En 2015, Taoufiq Izeddiou invite une trentaine de femmes issues du quartier populaire du Jas de Bouffan à Aix-en-Provence à entrer en scène dans le cadre de son projet Une Autre Danse. Une proposition qui met en lumière celles qui, d’ordinaire, restent dans l’ombre. Son objectif : leur permettre d’inventer une danse qui leur parle et leur ressemble, leur offrir l’espace pour imaginer, improviser et créer. « J’aime la richesse des corps, des âges et des expériences, cela nourrit ma création, requestionne mon idée de départ. Je reçois beaucoup quand je travaille en direct avec des gens qui ne sont pas des danseurs. »

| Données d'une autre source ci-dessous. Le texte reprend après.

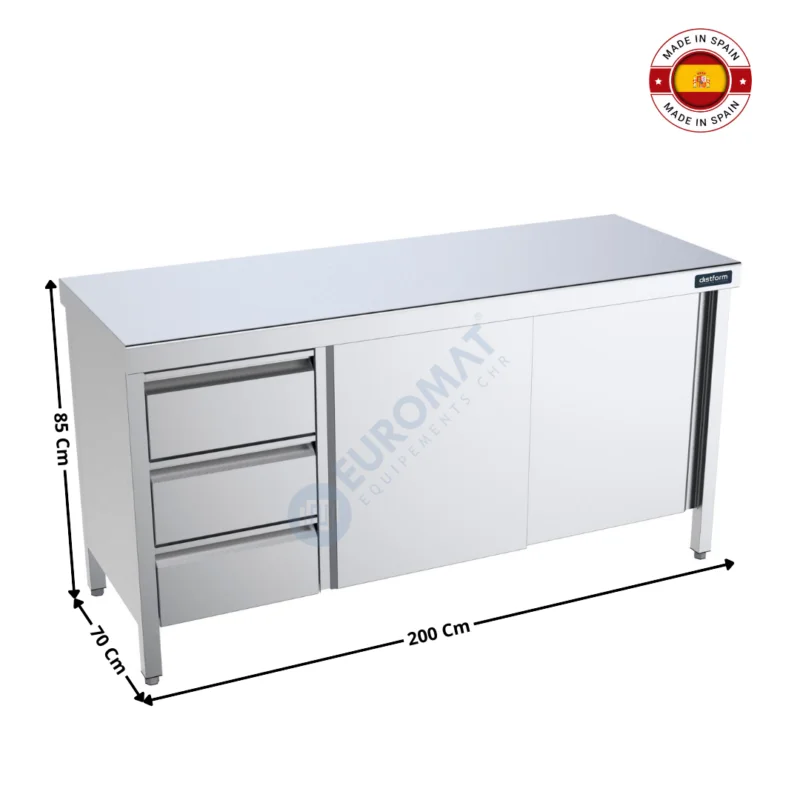 Retour Gratuit Meuble de travail spécial tiroirs 200x70cm – Série Premium | FCPBI720 | DISTFORM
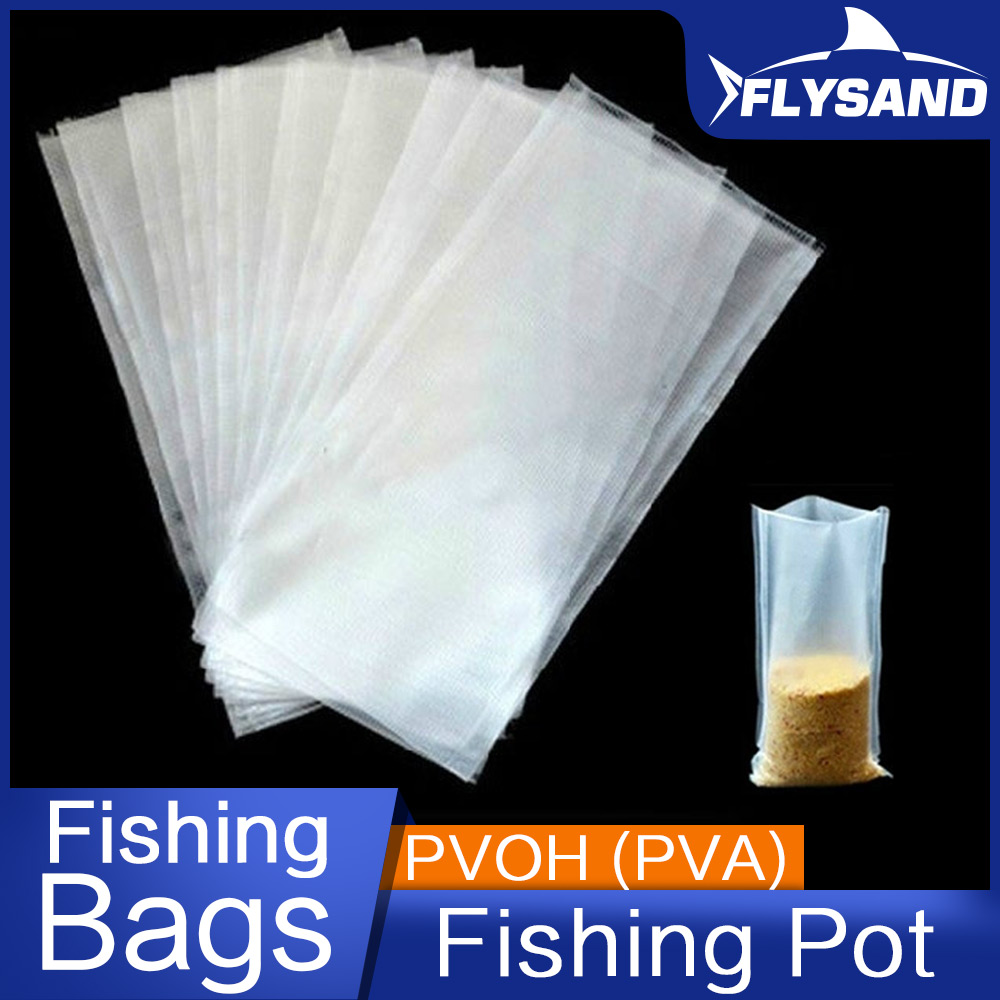 FLYSAND PVA sacs disponibles matériel de pêche à la carpe sacs PVA maille pour carpe gros Boilie granulés appât 7*14 cm pour lancer d'appâts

Taoufiq poursuit sa quête de création en 2019 avec Danse contre nourriture, projet pour lequel il s’invite chez les gens et danse pour eux en échange d’un repas. Derrière ce prétexte, se cache l’envie de partager et discuter de tout, de rien, d’art et d’esthétique, dans une ambiance conviviale et fraternelle. La danse devient une monnaie d’échange, mais aussi une manière de reconsidérer l’habitat – une question chère à Taoufiq. Il y revient d’ailleurs en 2022 avec un spectacle à ciel ouvert, 100 pas Presque, réalisé en collaboration avec le musicien Pascal Charrier. Déambulation permettant de se réapproprier l’espace public, cette nouvelle performance étonne et questionne. Sur la place des Prêcheurs à Aix-en-Provence, amateurs et professionnels ralentissent le pas pour parcourir l’espace avec une lenteur étudiée. L’exercice, tout en retenue, laisse peu à peu place à la maîtrise, au lâcher prise et à la transe. « Je crois que les danseurs ne peuvent pas rester qu’entre eux, c’est une urgence pour la continuité de la danse en général. Les non professionnels ne sont pas formatés, ils ont un autre regard sur cette discipline et nous invitent à ouvrir les yeux sur ce qu’est la danse avec un grand D. »
Les œuvres de Taoufiq questionnent l’individu et la communauté, le cheminement personnel et la foule, l’espace public et intime. Véritables invitations à se mettre en scène, elles nous rappellent que la vie est une danse perpétuelle dont il faut suivre le tempo.